___ SUPPLIED INFORMATION ___

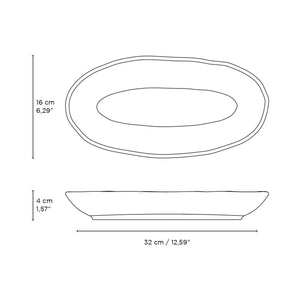 Conjunto 4 Travessas Oval Funda Grande Stoneware Orgânico Tourmaline 32x16cm 650ml Porto Brasil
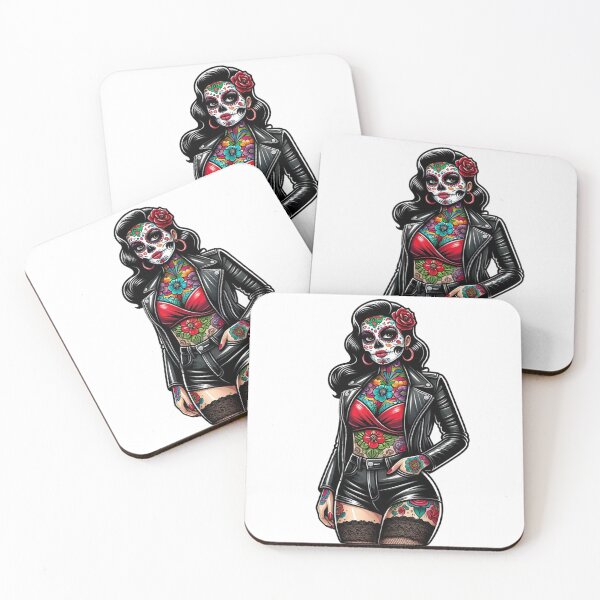 Item preview, Sugar Skull in Leather Shorts and Jacket designed and sold by PinUpPizzazz.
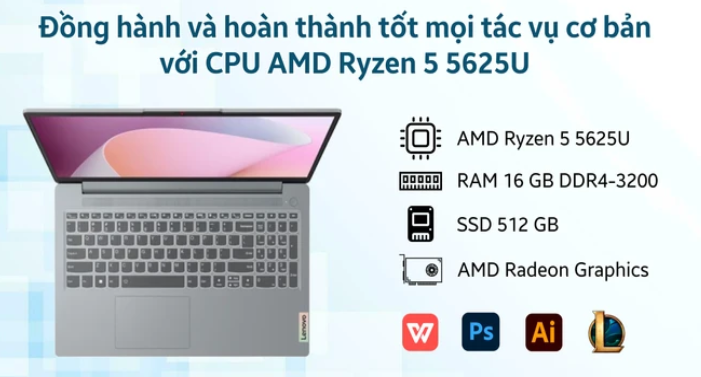 Laptop Lenovo Ideapad Slim 3 15ABR8 (82XM00MDVN) (R5-5625U/16GB/512GB/15.6 FHD/Win 11/Xám) - Chính hãng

___

- _PROBLEM_
The expected output is the full material above, word for word, without pictures.

- _RESPONSE BELOW_
 Conjunto 4 Travessas Oval Funda Grande Stoneware Orgânico Tourmaline 32x16cm 650ml Porto Brasil
 Item preview, Sugar Skull in Leather Shorts and Jacket designed and sold by PinUpPizzazz.
 Laptop Lenovo Ideapad Slim 3 15ABR8 (82XM00MDVN) (R5-5625U/16GB/512GB/15.6 FHD/Win 11/Xám) - Chính hãng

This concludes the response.